Accra, Dec. 5, GNA – Professor George Yaw Gyan- Baffuor, New Patriotic Party (NPP) Member of Parliament for Wenchi has noted that the national economy is suffering from Kwashiorkor (malnutrition).

He said the actual growth rate of the economy was 6.8 per cent and not 13.6 per cent as announced by Dr Kwabena Duffuor, Minister of Finance and Economic Planning in the 2011 Budget Statement.

Contributing to the debate on the fiscal policy in Parliament, he said the Minister's claim that the economy grew by 13.6 per cent was an attempt to obfuscate the situation and failing to tell Ghanaians that half of the growth was from oil production.

He observed that if oil production was removed it meant that the growth was only about 6.8 per cent.

Prof Gyan-Baffuor said the Minister also failed to tell Ghanaians that the non-oil economy shrank and grew at only 6.8 per cent.

He said during the NPP era, non-oil Gross Domestic Product (GDP) - the traditional economy of the country which is shrinking grew progressively from 3.7 per cent in 2000 to 4.2 per cent in 2001, 4.5 per cent in 2002, 5.2 per cent in 2003, 5.6 per cent in 2004, 5.9 per cent in 2005, 6.4 per cent in 2006, 6.3 per cent in 2007 and 8.43 per cent in 2008.

He said the economy started shrinking and showed signs of chequered growth under Mills three- year rule.

The former Deputy Finance Minister said the economy shrank from 8.43 per cent in 2008, 4.0 per cent in 2009; rose a bit to 7.7 per cent in 2010 and shrank again to 6.8 per cent in 2011.

"Madam Speaker when the economy was injected with the oil, the belly bloated to 13.6 per cent in 2011 as the non-oil economy representing the buttocks caved-in to 6.8 per cent and the legs representing the sectors and sub-sectors of the Kwashiorkor shrank and wobbled," he said.

Prof Gyan-Baffour said as a result of this Kwashiorkor economy, there was a bloated overall GDP growth yet the economy is not generating enough employment while most citizens cannot make ends meet.

“Market women get up very early every day, work hard to bring food to the table but cannot sell their goods to provide decent meals for themselves and their children, parents cannot afford school fees, young men and women are being wasted. They line up along streets and on the highways to sell whatever they can lay hands on.”

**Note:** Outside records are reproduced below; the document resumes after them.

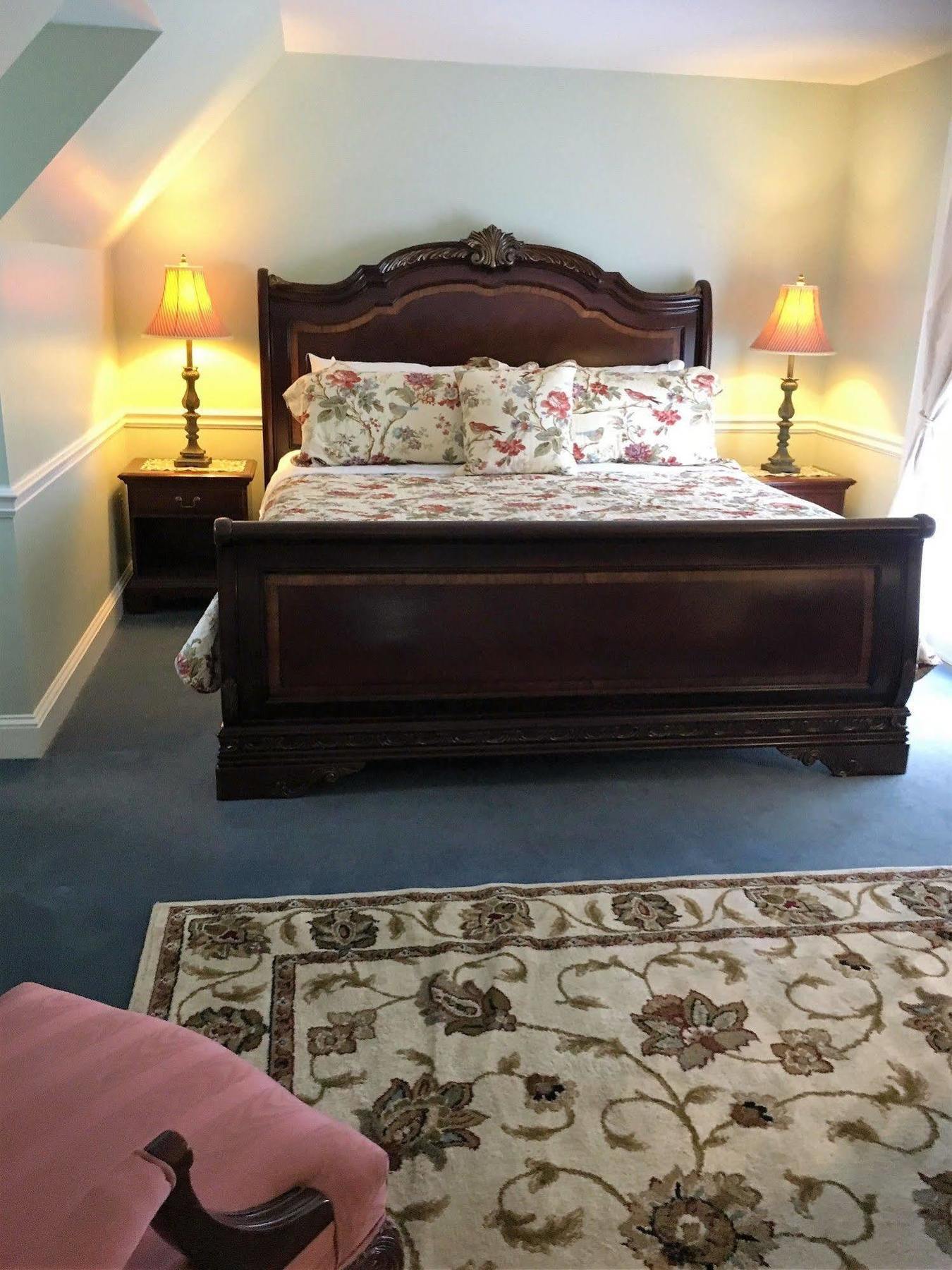 سانت مايكلز Parsonage Inn Bed And Breakfast المظهر الخارجي الصورة
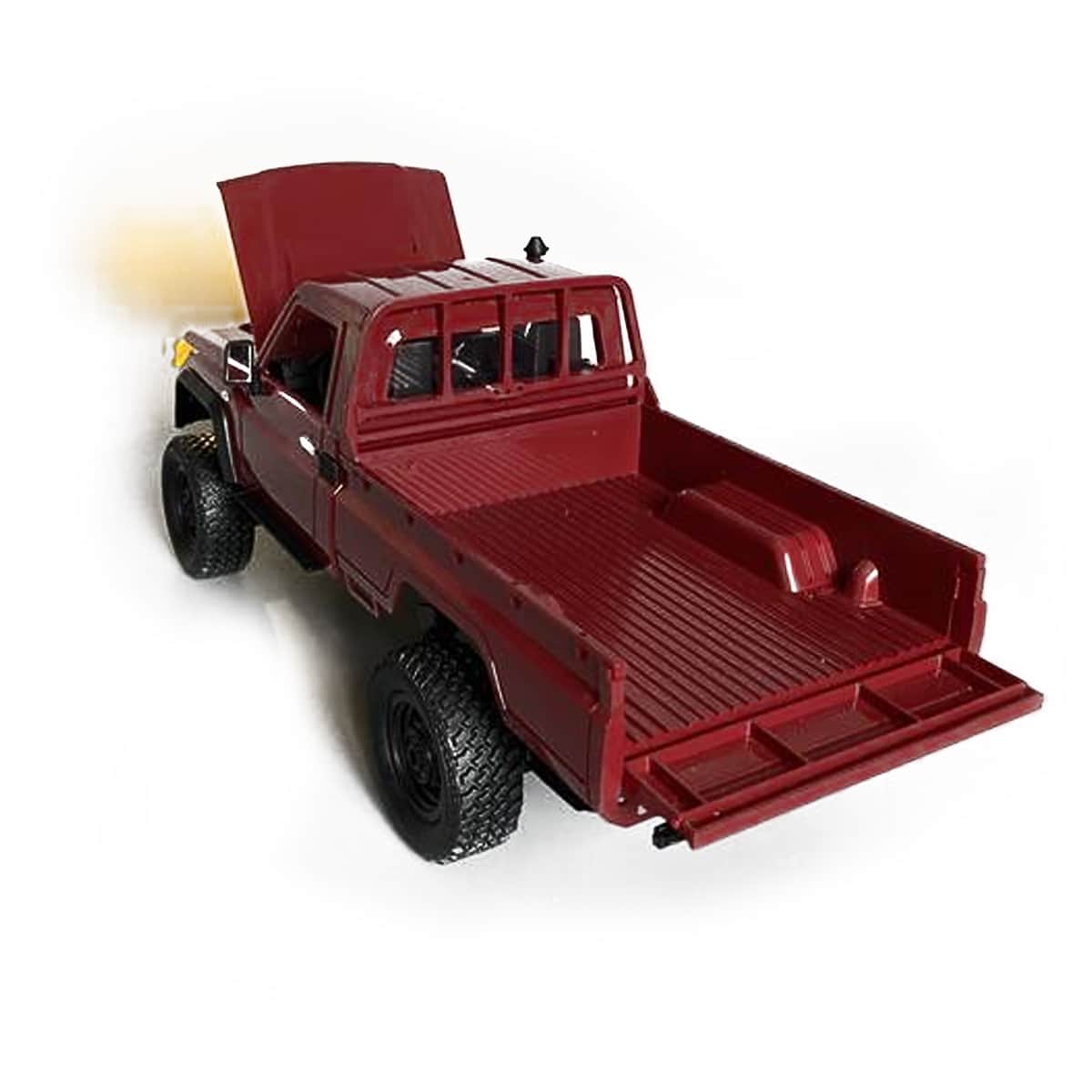 картинка Радиоуправляемый внедорожник Toyota Land Cruiser 1:12 - MN-82-RED 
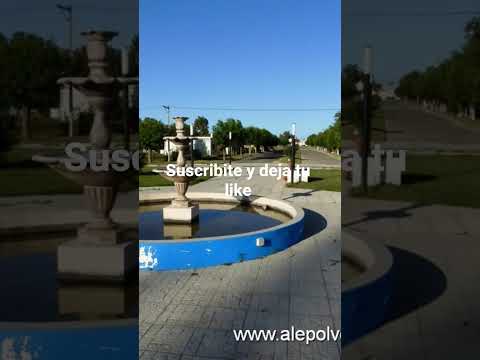 falucho la pampa #argentina #turismo #viajes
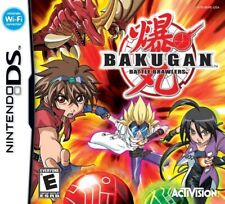 Bakugan: Battle Brawlers - Jogo para Nintendo DS comprar usado  Enviando para Brazil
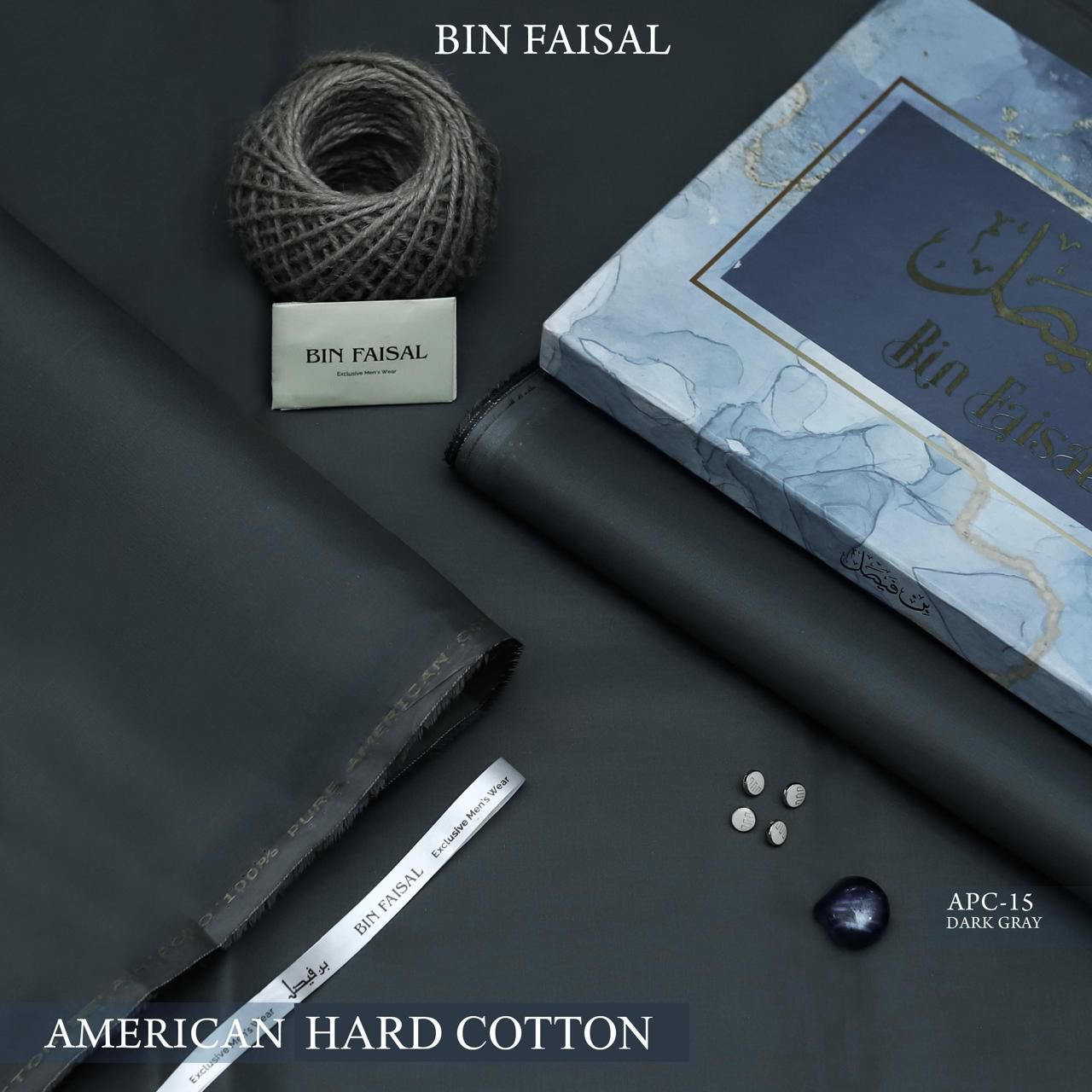 Bin Faisal Cotton
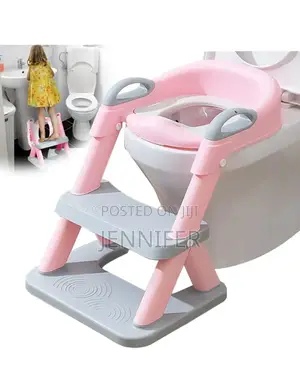 Kids Toilet Ladder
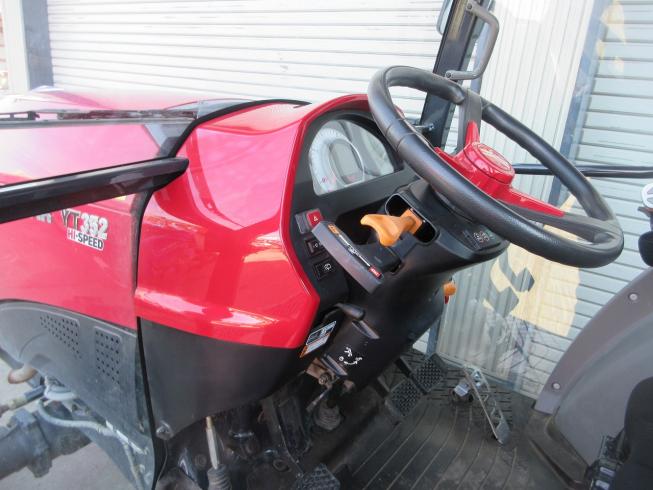 トラクター YT352J 写真５
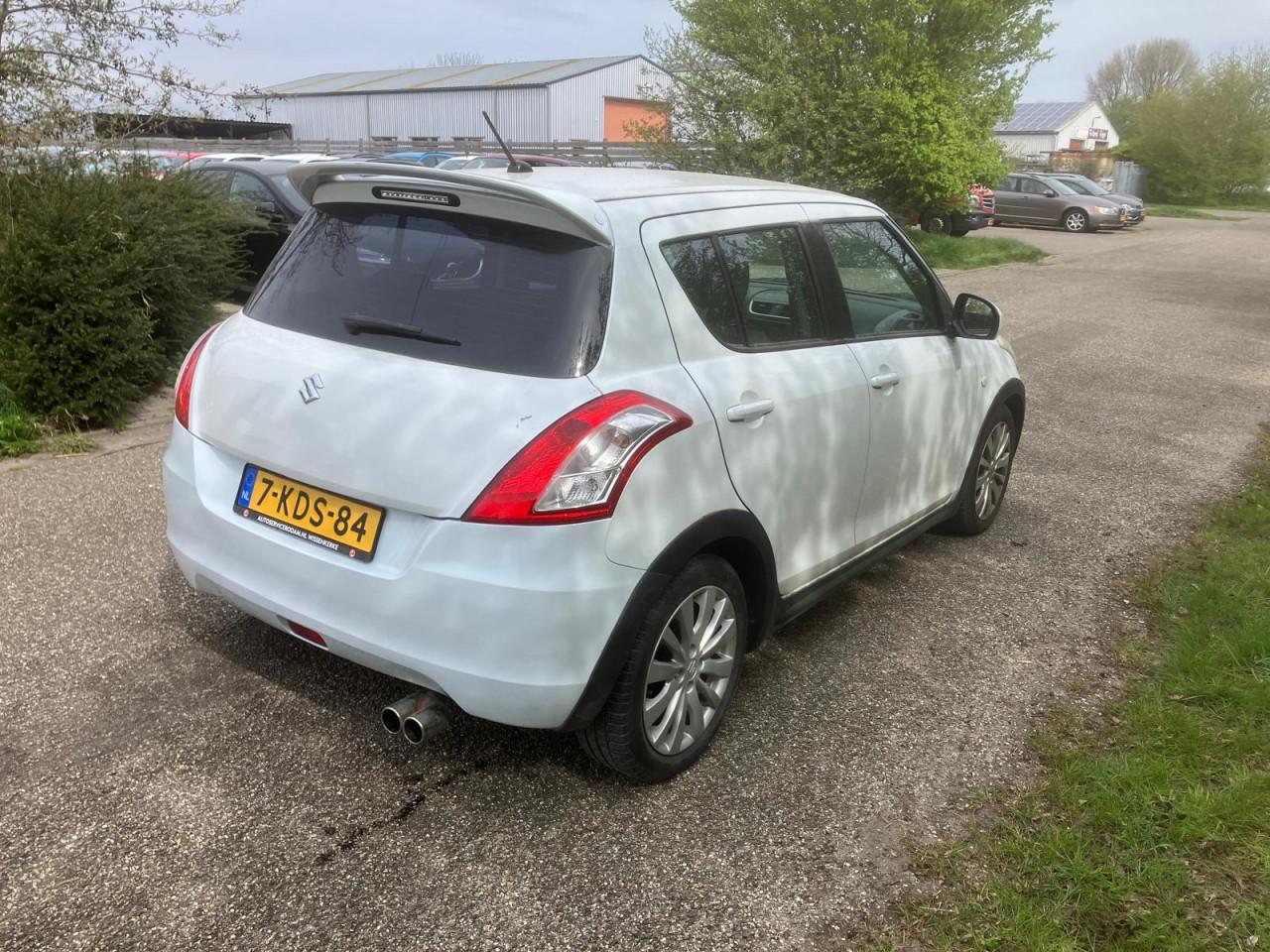 Suzuki Swift 1.2 Bandit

Prof Gyan- Baffuor said a project to widen the tax net to include professionals and economic agents in the informal sector was a good idea but was also a signal to kayayes (porters), market women and the down trodden to beware that the little they have would be “squeeze” from them.

He said while increasing taxes on the poor, the national fiscal stabilisation tax on banks, and the rich who earned normal profit had been abolished.

Prof Gyan Baffour noted that the budget was interested in collecting taxes, describing it “as a white bandage that is being used to cover the deep wounds inflicted by the confused and at times conflicting policies of the government''.

He said the budget statement was the last chance for the government to rectify their mistakes but they lost it.

Mr Paul Collins Appiah Ofori, NPP Member for Asikuma/Odoben/Brakwa said the budget created opportunity for people to defraud the state due to increases in tax on payroll and called on the Speaker and members to reject the fiscal policy.

He said what was needed was specific budget instead of “incremental budget as it helped to shelve ghost names”.

Mr Seth Terkpeh, Deputy Minister of Finance and Economic Planning disputed Mr Appiah Ofori's assertions saying, that was not the way the budget was prepared.